On March 5, 2021 the ICE Benchmark Administration (IBA), the administrator for LIBOR, announced that it planned to stop publishing USD LIBOR as of the dates below. They extended the publication of remaining USD LIBOR tenors until June 30, 2023 to allow legacy contracts to mature or be renewed on an ARR before LIBOR ceases to be published.

IBOR Currency

Final Publication Date

USD LIBOR

June 30, 2023

CDOR

June 30, 2024

Industry groups like the Federal Reserve Bank of New York's Alternative Reference Rates Committee (ARRC) Alternative Reference Rates Committee (newyorkfed.org) and the International Swaps and Derivatives Association www.ISDA.org worked to identify new reference rates. The ARRC recommended the Secured Overnight Finance Rate (SOFR ) as an index to replace LIBOR in loans and other financial instruments.

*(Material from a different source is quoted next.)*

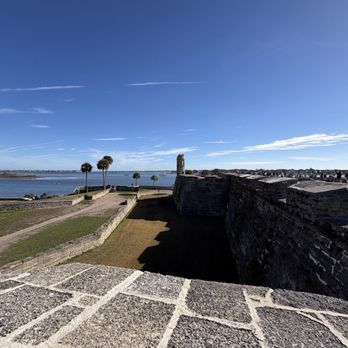 Castillo de San Marcos - Landmarks & Historical Buildings Near Me - Saint Augustine, Florida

Private industry providers published other ARRs in addition to SOFR, including the credit sensitive rate such as the Bloomberg Short-Term Bank Yield index (BSBY) and Ameribor published by the American Financial Exchange.

TD Bank offers SOFR-priced products and continues to evaluate credit sensitive ARRs for future use on a product-by-product basis.

Making the switch from LIBOR – TD adopts SOFR First strategy

TD adopts SOFR First strategy

TD no longer issues new LIBOR products effective November 1, 2021. All new deals and most renewals are being priced using an ARR. TD selected the SOFR as the primary ARR for use in existing contracts priced at USD LIBOR. Because SOFR is a nearly risk-free index based on transactions secured by US treasuries, it has historically been a lower rate than USD LIBOR, which is unsecured and is sensitive to market credit stress. The 5 year average historical difference between USD LIBOR and SOFR is approximately 11.5 basis points (bps) and may change over time. Market SOFR pricing is anticipated to include margins that reflect historic differences with LIBOR.

A seamless shift

To provide our Customers with a smooth transition from LIBOR, we established a company-wide initiative several years ago focused on:

  1. Participating in industry groups exploring new benchmark rates

  2. Choosing the best ARRs for each TD product

  3. Improving systems and other infrastructure to prepare for the switch

  4. Communicating with you about upcoming changes

  5. Amending LIBOR contracts with updated fallback to assist in the transition

    • "Fallback" refers to contract provisions that permit replacement of LIBOR with an ARR within a designated time frame
  6. Creating efficient processes for updating existing products

If you have any questions, reach out to your TD representative.

Transitioning LIBOR-indexed loans with swaps

In alignment with the LIBOR Act, outstanding LIBOR-indexed loans with swaps will transition after June 30, 2023 to a forward-looking alternative index rate based on SOFR.

In most cases, this will be one-month Term SOFR plus the LIBOR Act credit spread adjustment of 0.11448% (Adjusted Term SOFR). The swap will transition to daily compounded SOFR plus the LIBOR Act credit spread adjustment of 0.11448%.

Because the loan and swap contracts have different indices, the floating interest rates on the two contracts may not be equal and offsetting. Customers may be required to pay amounts in addition to what is currently required under LIBOR-indexed loan and swap contracts. This difference will exist until both contracts are amended to Term SOFR with a spread adjustment that allows the original swap fixed rate to remain unchanged.